_TASK REQUIREMENTS_:
From the first line of the records below through the line containing "Calvin Klein Jeans", copy everything exactly and nothing more.

=-=-=

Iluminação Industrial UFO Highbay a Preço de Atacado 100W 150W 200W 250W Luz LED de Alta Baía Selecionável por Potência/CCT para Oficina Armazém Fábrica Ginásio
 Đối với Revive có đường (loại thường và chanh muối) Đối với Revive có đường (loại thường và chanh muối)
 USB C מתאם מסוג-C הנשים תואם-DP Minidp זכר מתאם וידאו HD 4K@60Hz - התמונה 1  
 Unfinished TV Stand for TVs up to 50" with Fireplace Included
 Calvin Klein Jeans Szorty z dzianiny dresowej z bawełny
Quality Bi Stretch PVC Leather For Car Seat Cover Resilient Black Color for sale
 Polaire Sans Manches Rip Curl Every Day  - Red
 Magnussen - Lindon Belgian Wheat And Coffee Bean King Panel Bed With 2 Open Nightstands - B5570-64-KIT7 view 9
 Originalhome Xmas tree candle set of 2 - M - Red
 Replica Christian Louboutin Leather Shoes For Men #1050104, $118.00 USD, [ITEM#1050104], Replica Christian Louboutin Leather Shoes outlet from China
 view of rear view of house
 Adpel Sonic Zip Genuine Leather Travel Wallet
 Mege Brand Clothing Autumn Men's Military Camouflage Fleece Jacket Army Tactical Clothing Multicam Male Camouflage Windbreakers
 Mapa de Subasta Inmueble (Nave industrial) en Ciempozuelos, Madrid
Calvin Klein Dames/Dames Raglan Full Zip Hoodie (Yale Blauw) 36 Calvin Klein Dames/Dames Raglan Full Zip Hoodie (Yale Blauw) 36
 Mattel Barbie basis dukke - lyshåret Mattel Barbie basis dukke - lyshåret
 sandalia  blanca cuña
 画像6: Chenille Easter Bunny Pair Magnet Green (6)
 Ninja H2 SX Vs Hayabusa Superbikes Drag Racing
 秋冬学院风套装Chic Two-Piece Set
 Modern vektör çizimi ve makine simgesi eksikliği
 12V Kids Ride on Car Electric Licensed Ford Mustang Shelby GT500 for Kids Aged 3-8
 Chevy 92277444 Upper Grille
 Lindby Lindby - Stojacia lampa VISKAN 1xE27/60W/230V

=-=-=

_RESULT FOR THIS TASK_:
Iluminação Industrial UFO Highbay a Preço de Atacado 100W 150W 200W 250W Luz LED de Alta Baía Selecionável por Potência/CCT para Oficina Armazém Fábrica Ginásio
 Đối với Revive có đường (loại thường và chanh muối) Đối với Revive có đường (loại thường và chanh muối)
 USB C מתאם מסוג-C הנשים תואם-DP Minidp זכר מתאם וידאו HD 4K@60Hz - התמונה 1  
 Unfinished TV Stand for TVs up to 50" with Fireplace Included
 Calvin Klein Jeans Szorty z dzianiny dresowej z bawełny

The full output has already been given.